幼少期から、テストや発表会など、頑張る場面の前におじいちゃんにチョコレートをもらって元気を出す習慣があって、それが大切な思い出になっています。人生の重要な瞬間に登場するのがチョコレートだったんです。大学受験の前や、今でも仕事の大事な場面の前にはチョコレートを食べています。
また、出身が岡山で、顔が見える農家の生産物を農協で買っていたので、おいしいと思ったものの先を考える習慣もありました。チョコレートはそれが見えないので、調べてみると、児童労働などの悲しい現実を知ることになりました。
私はチョコレートから元気をもらっているけれども、その先で悲しんでいる人がいるのなら、食べないほうがいいんじゃないか、と思った時期もありました。
でも、私がチョコレートを食べなければ世の中がよくなるのかと言えば、それも違うと思い、いつか現地に行ってみたいと思うようになりました。

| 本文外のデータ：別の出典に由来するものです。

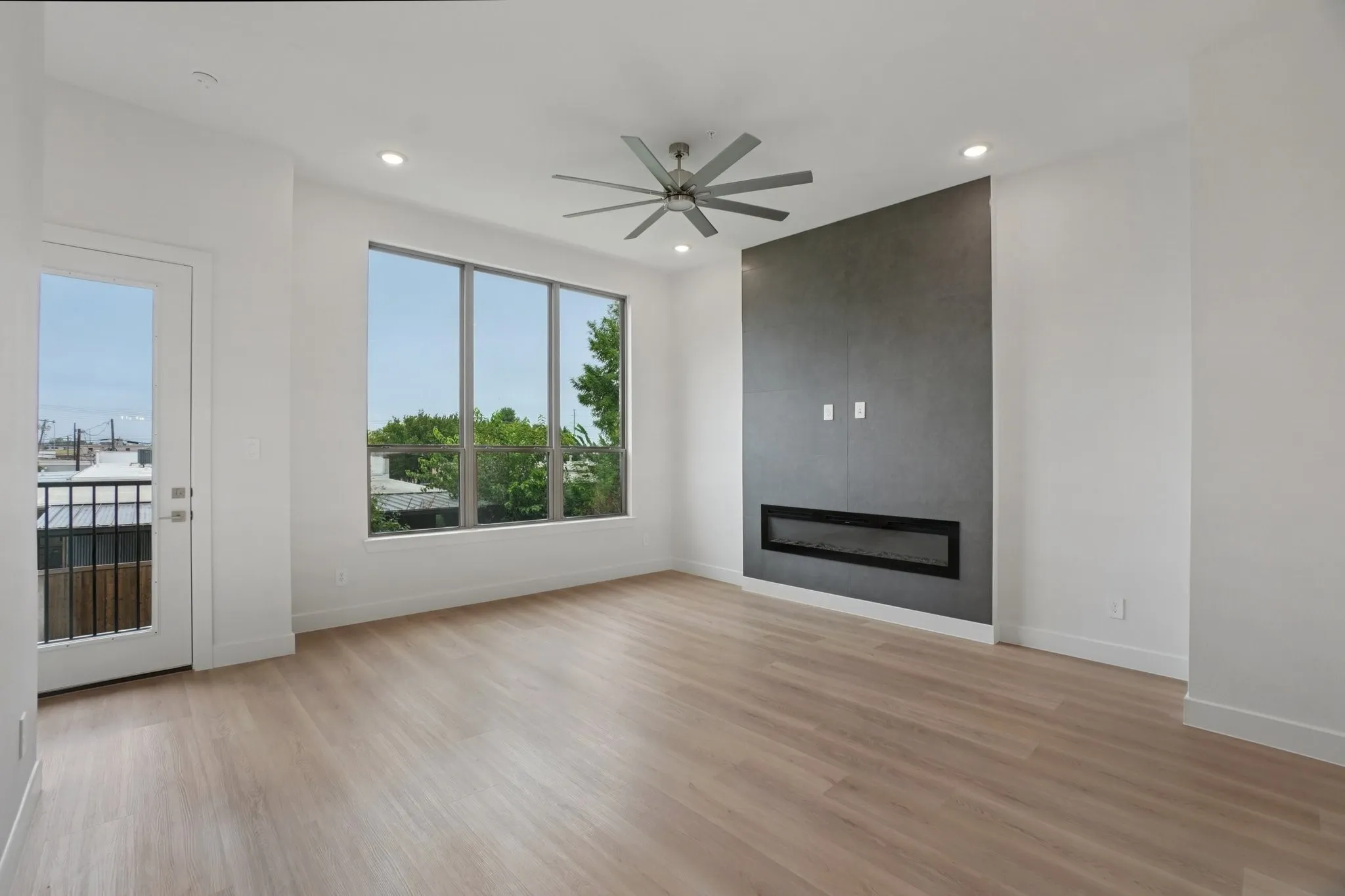 Unfurnished living room featuring light wood-type flooring, a large fireplace, recessed lighting, and a ceiling fan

それで、2018年に大学に入って最初の夏休みに、初めてガーナに行きました。日本が輸入しているカカオの8割がガーナ産ですし、国名を知っていて親しみも感じる国だったので。
――旅行のような感じで?
【田口】様子を見る旅行で終わってしまってはもったいないので、何かわからないけれども、現地でできることを探したいという気持ちで行きました。7~8月の2カ月間の滞在の間に、農業系のNGOを訪ねたりしました。
首都のアクラに到着して、カカオはどこでとれるのかを聞くと、皆「北だ」と言いました。バスで北へ向かって、カカオ栽培が盛んなエンプレーソ地域を含む、いくつかの地域を回りました。
――ICU(国際基督教大学)に在籍されているということですが、もともと海外に関心があった?
【田口】父の仕事の関係で、4歳の頃にポーランドで暮らしたことがあります。日本人には馴染みの薄い国だと思いますが、日本製品はあって、それを見て「世界はつながっているんだな」と幼いながらに感じた覚えがあります。
日本語も英語もようやく話せるようになってきたところで、ポーランド語の環境の中に入ったのですが、ジェスチャーや気持ちで意外とコミュニケーションがとれるのだということも実感しました。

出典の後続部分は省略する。